## WORK INSTRUCTIONS
All that is wanted is the line with "Mini Prancheta Design" and each line after it to the end of the data below, set down exactly and without pictures.

## DATA EXTRACT
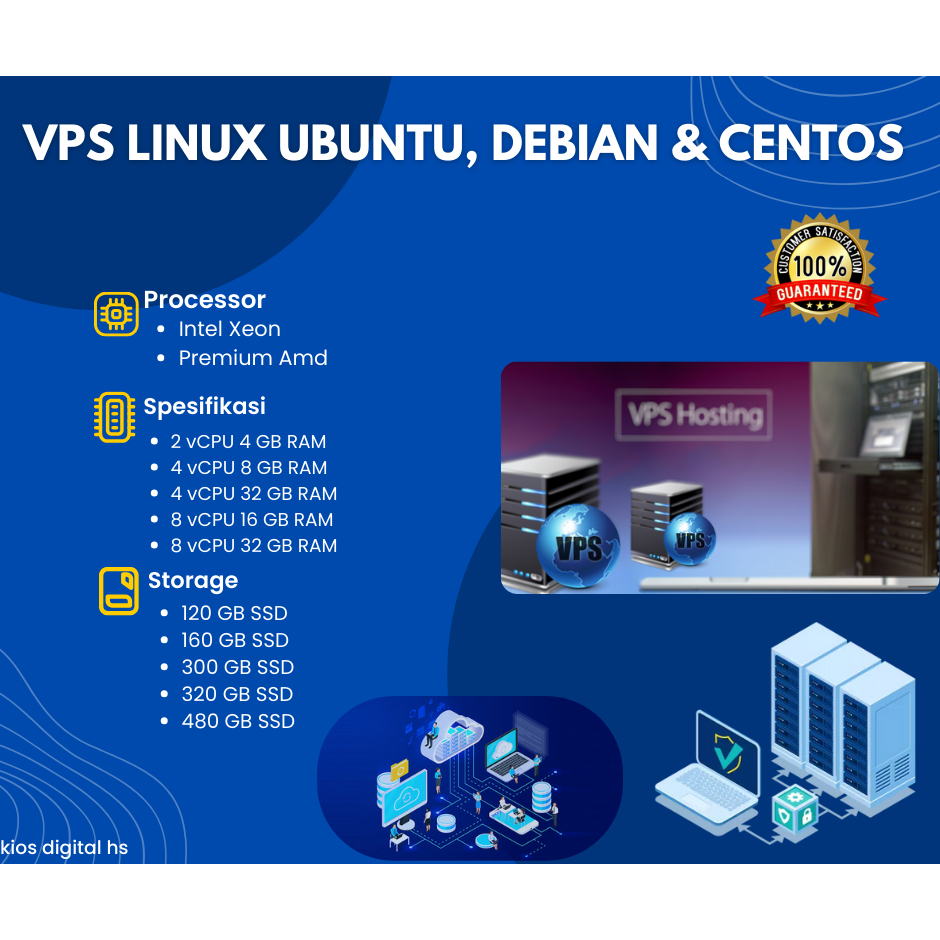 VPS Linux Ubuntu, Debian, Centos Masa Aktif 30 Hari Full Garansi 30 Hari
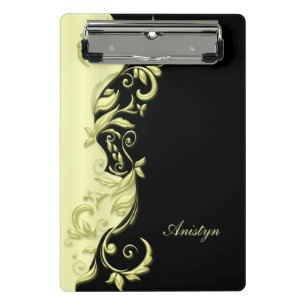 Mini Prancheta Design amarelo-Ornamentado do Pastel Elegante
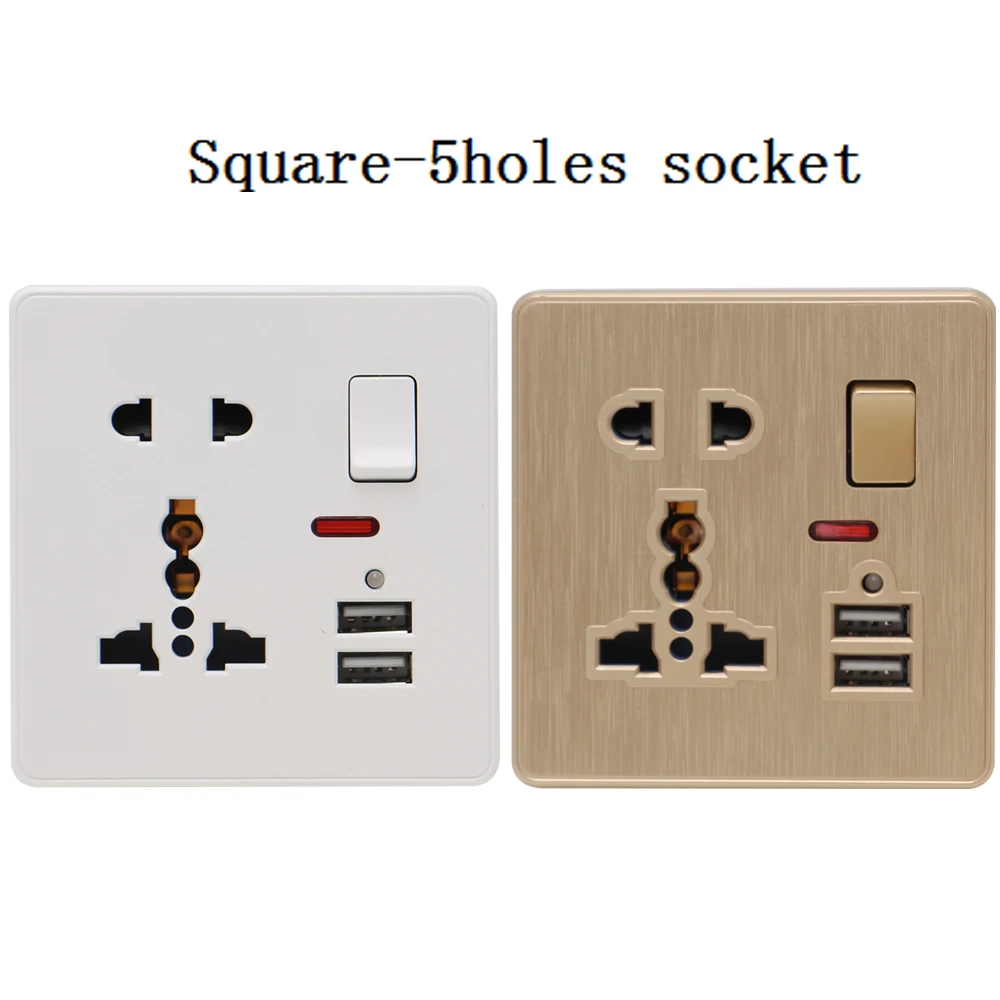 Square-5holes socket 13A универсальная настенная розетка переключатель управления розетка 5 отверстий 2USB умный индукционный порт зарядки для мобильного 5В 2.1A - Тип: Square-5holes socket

## OUTPUT OF THE EXERCISE
 Mini Prancheta Design amarelo-Ornamentado do Pastel Elegante
 Square-5holes socket 13A универсальная настенная розетка переключатель управления розетка 5 отверстий 2USB умный индукционный порт зарядки для мобильного 5В 2.1A - Тип: Square-5holes socket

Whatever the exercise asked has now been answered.